It seems that Hibberd's judgements on the relative scarcity of the 'Natal' clasp were faulty. Perhaps because I live in Natal, where such clasps are likely to turn up, I had developed an impression that they are not uncommon.
Shown below is a single clasp 'Natal' QSA from my collection. Murray's Horse was one of the more unusual irregular units raised in South Africa during the Boer War. It was in existence for less than a month, although its descendent, Murray's Scouts, served for much longer. There is an account of Murray's Horse elsewhere on this forum.
The Buchanans are an old Natal family, but I could not relate R Buchanan to any records in the Pietermaritzburg Archives.
Good morning Brett,
I would not have said that this clasp is at all rare, I am sure that if I decided here and now that I needed half a dozen more or so today, I would just be able to go and buy them without any problems, however, as a single clasp, I do feel they are becoming a little more scarce these days.
Kind regards Frank
Brett Hendey wrote: It seems that Hibberd's judgements on the relative scarcity of the 'Natal' clasp were faulty. Perhaps because I live in Natal, where such clasps are likely to turn up, I had developed an impression that they are not uncommon.
I am new to these forums so trust this is relevant. I note that the discussion is about how rare the single clasp might be, but I find even more interesting that a lot of collectors might not look twice at single clasps such as Natal and Cape Colony. I have a single Natal clasp QSA to Private Hunter of the 2nd east Surrey regiment. because he was KIA at Willow Grange, he obviously did not qualify for any other bars, a nice find!
Welcome to this forum. The Willow Grange KiA QSA is indeed a "nice find".
Trooper Fitzpatrick, Imperial Light Horse, who was also killed at Willow Grange has an even rarer single-clasp QSA. It has a mistakenly issued 'Tugela Heights' clasp.
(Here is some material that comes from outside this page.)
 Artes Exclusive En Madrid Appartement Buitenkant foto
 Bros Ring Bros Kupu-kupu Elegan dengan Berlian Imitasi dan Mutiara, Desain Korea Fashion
The Willow Grange battlefield is 'off the beaten track' and is not as frequently visited as those in and around Ladysmith. The British graves have been seriously vandalised at least once (in 2004). The Boer dead were reinterred in Ladysmith in 1979.
One of the more unusual casualties in this battle was a local farmer, George Frederick Chapman, who was a guide for the West Yorkshire Regiment. He was shot and killed after having been mistaken for a Boer. He is buried in the cemetery of St Matthews Church in Estcourt.
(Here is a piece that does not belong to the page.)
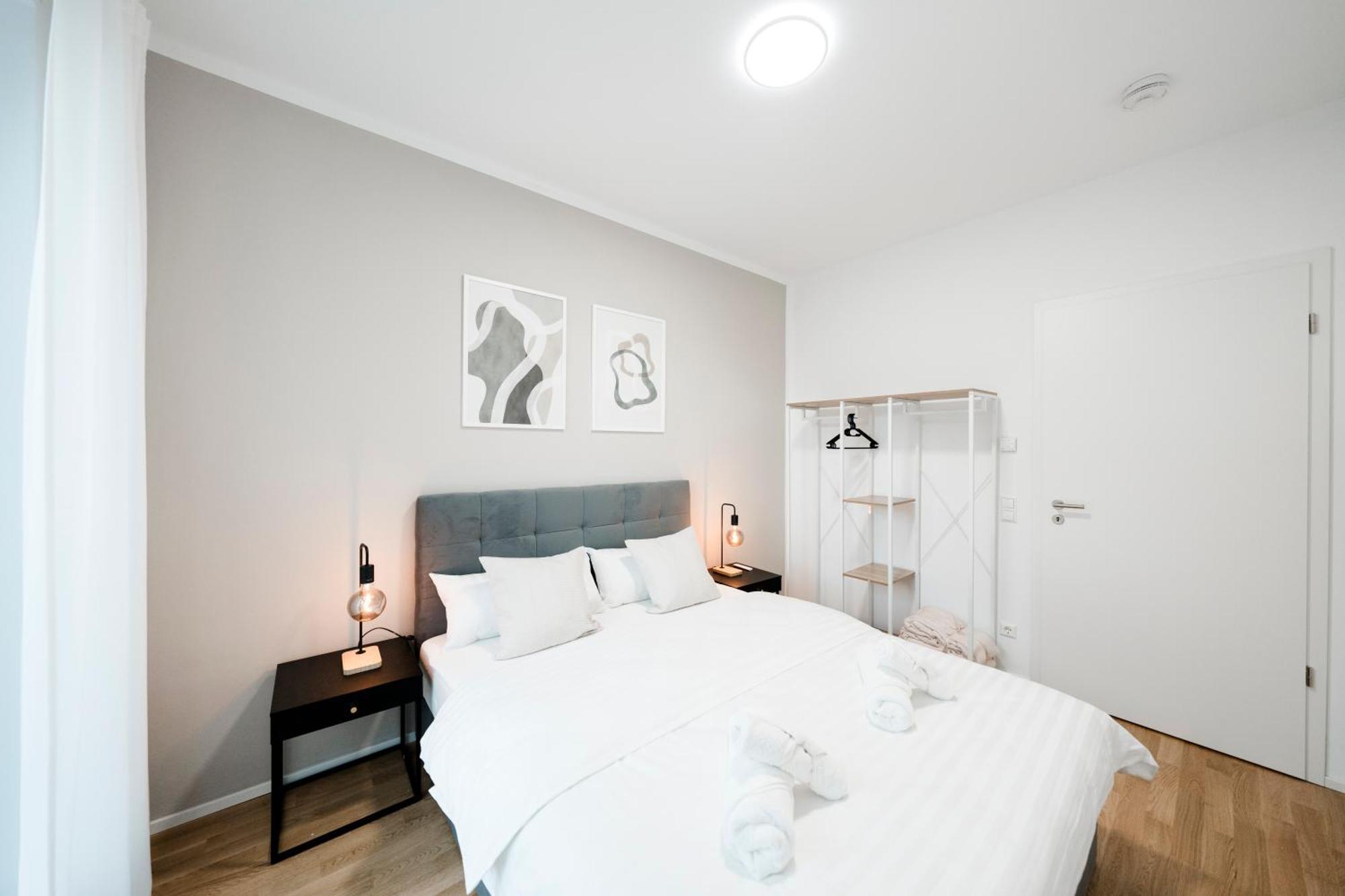 Kocasa-Apartments 01, City-Center Boeblingen, Stellplatz, Balkon, Waipu-Tv エクステリア 写真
Although this battle was small by comparison with others that followed, it was notable for several reason. Firstly, it marked the Boers furthest penetration into Natal. Also, it resulted in a very significant change in the Boer command in Natal. Commandant-General Piet Joubert was injured in a fall from his horse and retired to his farm in the Transvaal, where he later died. He left his army under the command of General Louis Botha, who was to become one of the most successful Boer Commanders during the war.